+++ Recorded information +++
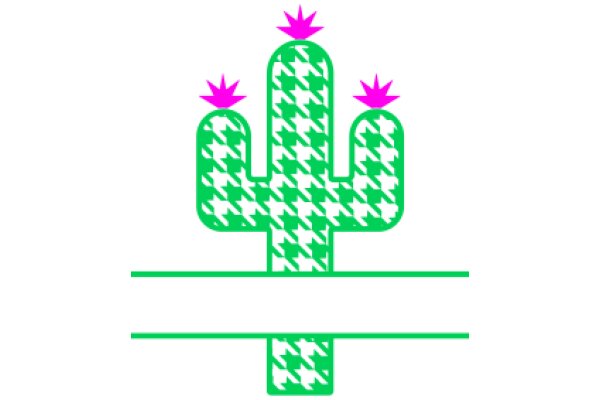 Vibrant Cactus Design with Pink Stars and Green Stripe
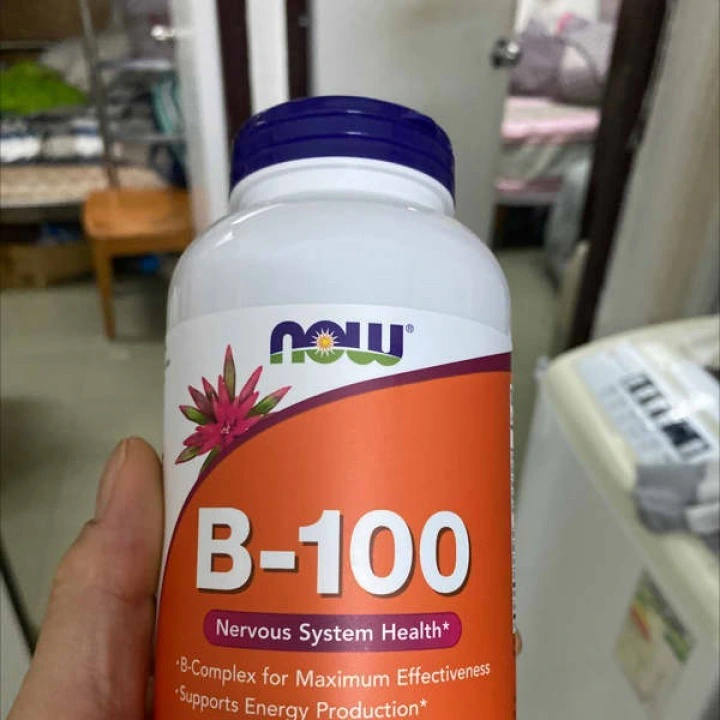 Комплекс витаминов группы B-100 для густых и длинных волос, 100 капс, NOW Foods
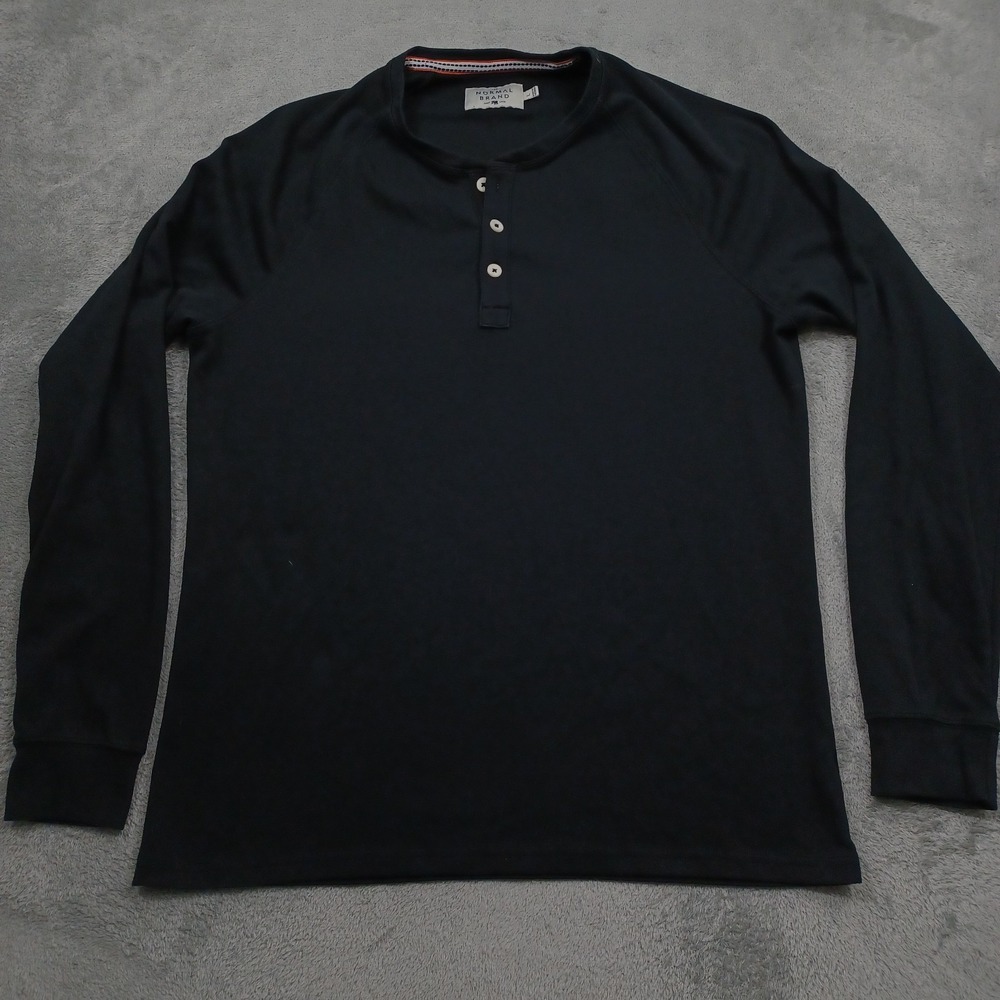 Normal Brand Shirt Mens Large Black Henley Long Sleeve Logo Preppy Casual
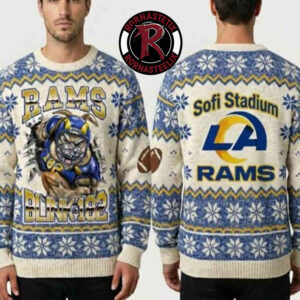 LA Rams vs Detroit Lions NFL Collab Blink 182 Match On December 14 2025 December 14 2025 NFL Ugly Sweater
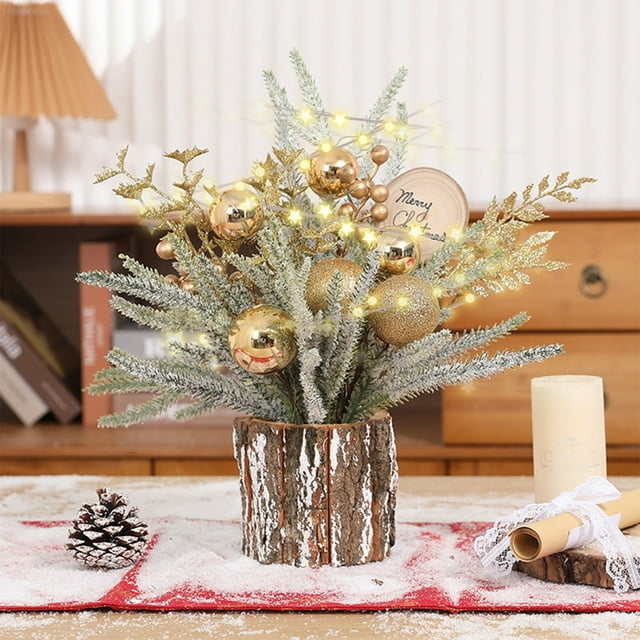 ABPWLY Nouveaux Mini Arbres de Noël Artificiels Pré-Éclairés - Décorations de Noël Intérieures avec Lumières, Petits Arbres de Noël Incluent Baies/pommes de Pin, Décoration de Table de Noël en Liquidation, Essentiel pour Dortoir Canada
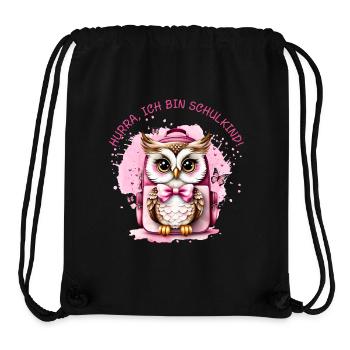 Eule Schulranzen rosa - Hurra ich bin Schulkind - Stanley/Stella recycelter Gym Bag - Schwarz - Vorne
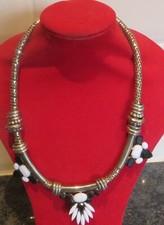 Opia Costume Jewellery Chunky Silver Coloured Necklace With Rings and Beads 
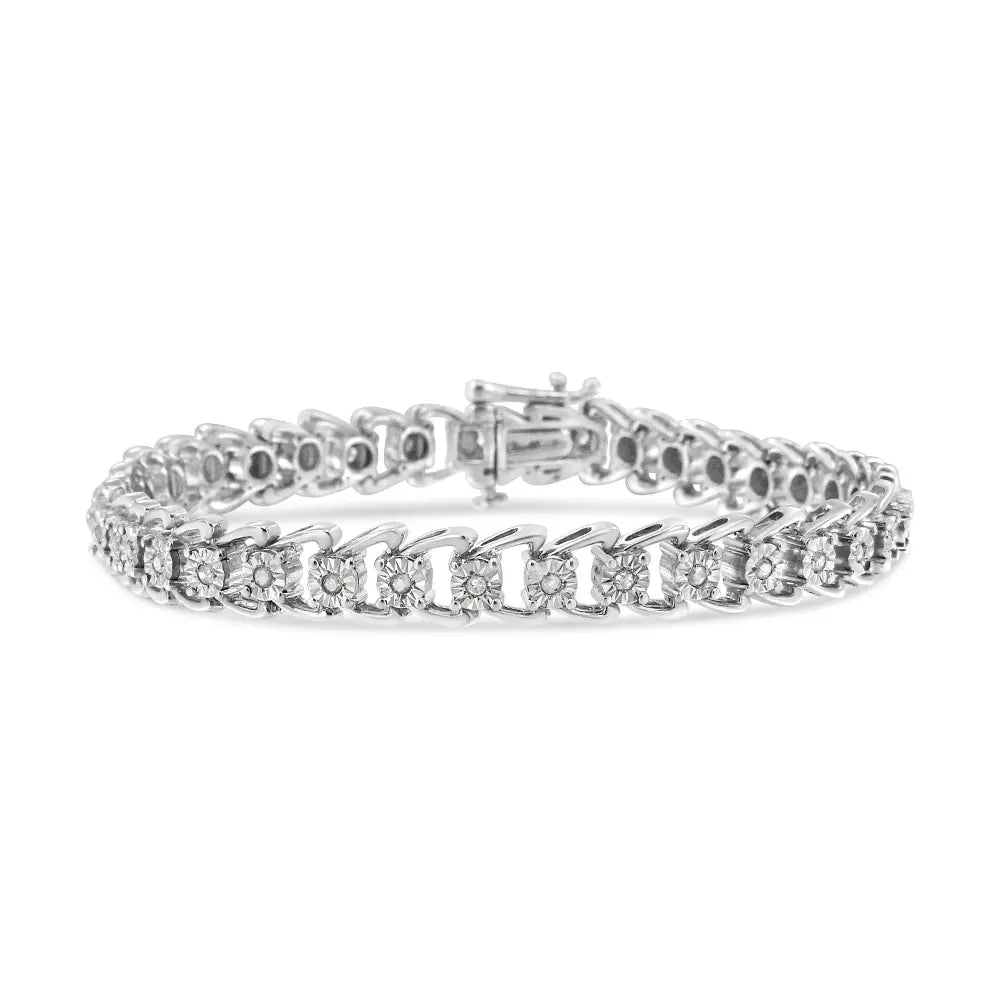 Exquisite Miracle-set Double Swoosh Wave Tennis Bracelet with Diamonds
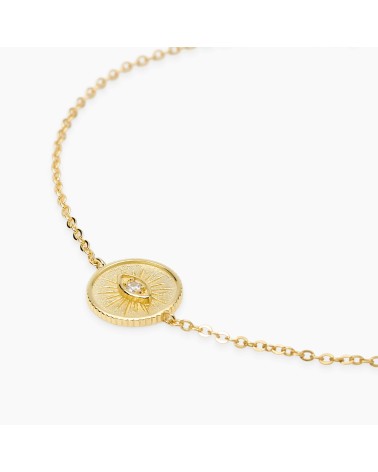 Pulsera Tennis de Plata Bañada en Oro con Ojo de la Suerte Mabina | Joyería Onix Lugo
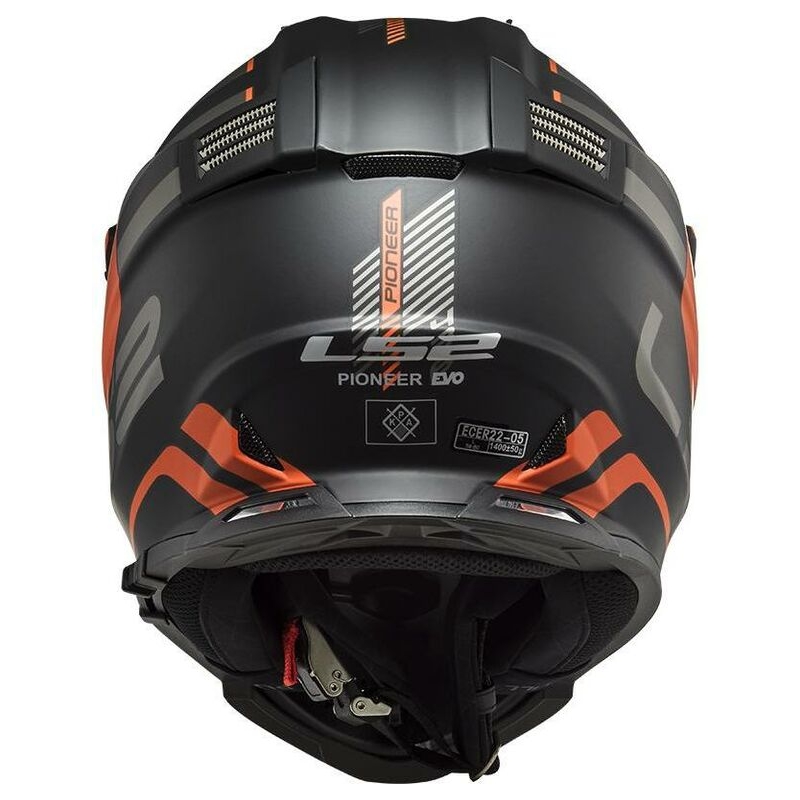 Casco Enduro LS2 MX436 Pioneer Evo Adventurer nero-arancio opaco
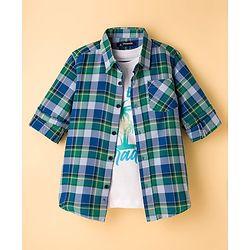 Pine Kids Cotton Woven Full Sleeves Checks Shirt With Printed Inner Tee - Multicolor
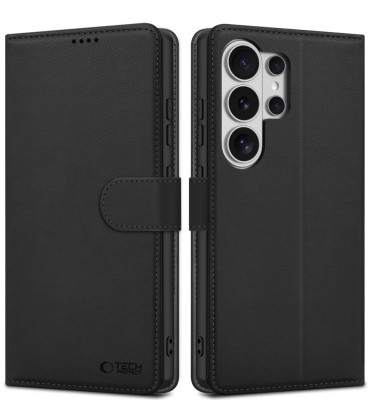 Juodas atverčiamas dėklas Samsung Galaxy S26 Ultra telefonui "Tech-Protect Wallet"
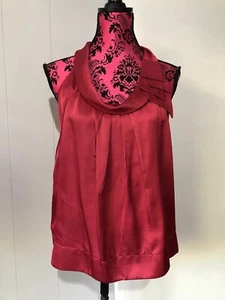 Cue 10 Top Red Satin Racer Back Sleeveless Cowl Neck Layered New - Picture 1 of 13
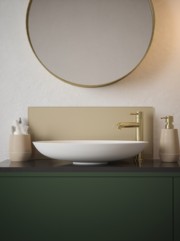 Light Gold Self-Adhesive Glass Bathroom Splashback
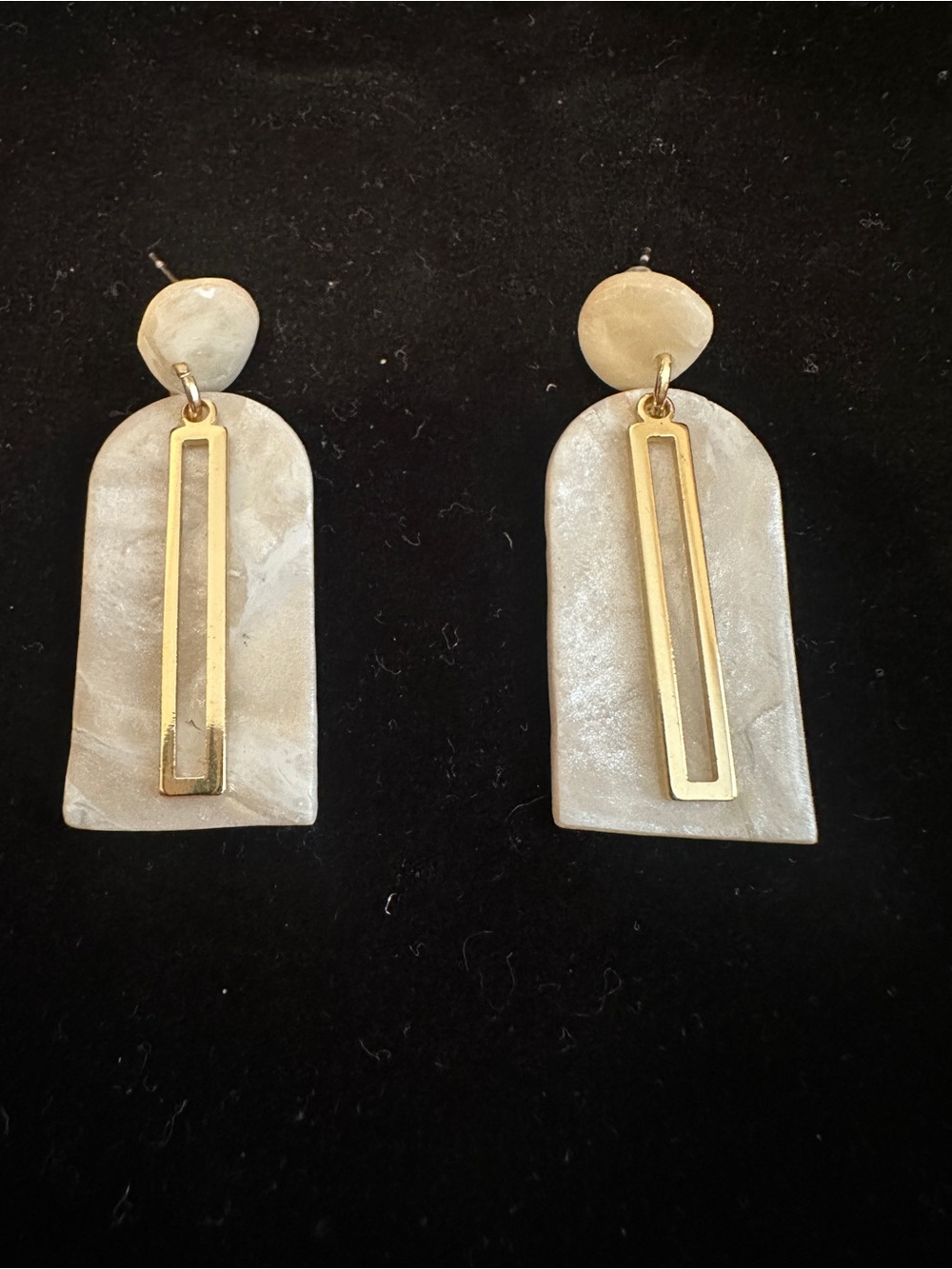 Gold Accent Cream Drop Arch Earrings - Women Jewelry
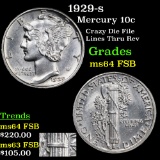 1929-s Mercury Dime 10c Grades Choice Unc FSB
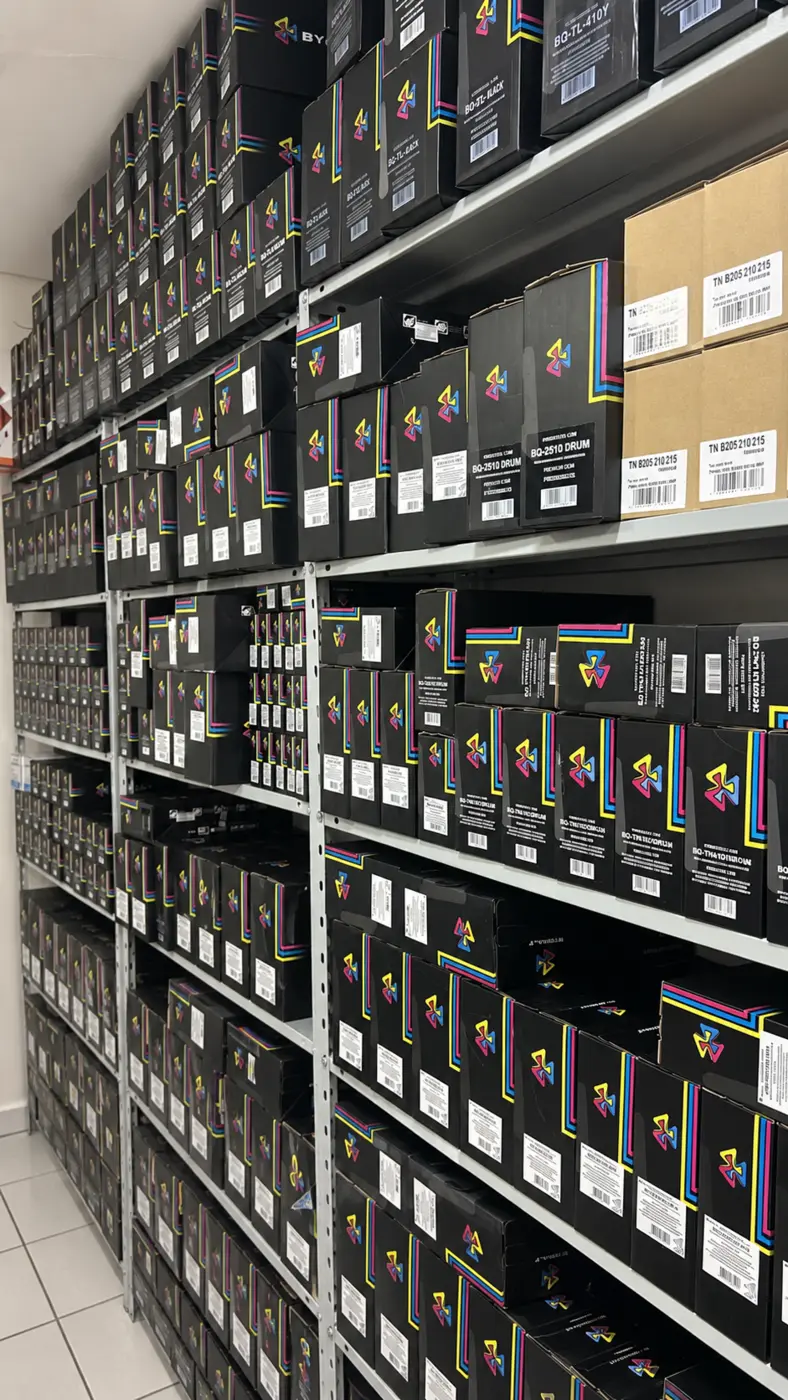 Prateleiras com grande variedade de cartuchos de toner em estoque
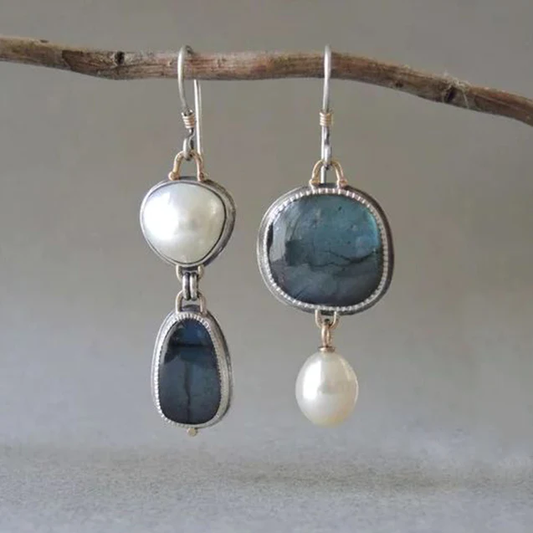 Orecchini Vintage con Pietra Blu e Perla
+++
■ The task
Starting at the line that contains "Pine Kids Cotton", write out every line through the end of the entries above exactly, and omit the pictures.

■ Task output
 Pine Kids Cotton Woven Full Sleeves Checks Shirt With Printed Inner Tee - Multicolor
 Juodas atverčiamas dėklas Samsung Galaxy S26 Ultra telefonui "Tech-Protect Wallet"
 Cue 10 Top Red Satin Racer Back Sleeveless Cowl Neck Layered New - Picture 1 of 13
 Light Gold Self-Adhesive Glass Bathroom Splashback
 Gold Accent Cream Drop Arch Earrings - Women Jewelry
 1929-s Mercury Dime 10c Grades Choice Unc FSB
 Prateleiras com grande variedade de cartuchos de toner em estoque
 Orecchini Vintage con Pietra Blu e Perla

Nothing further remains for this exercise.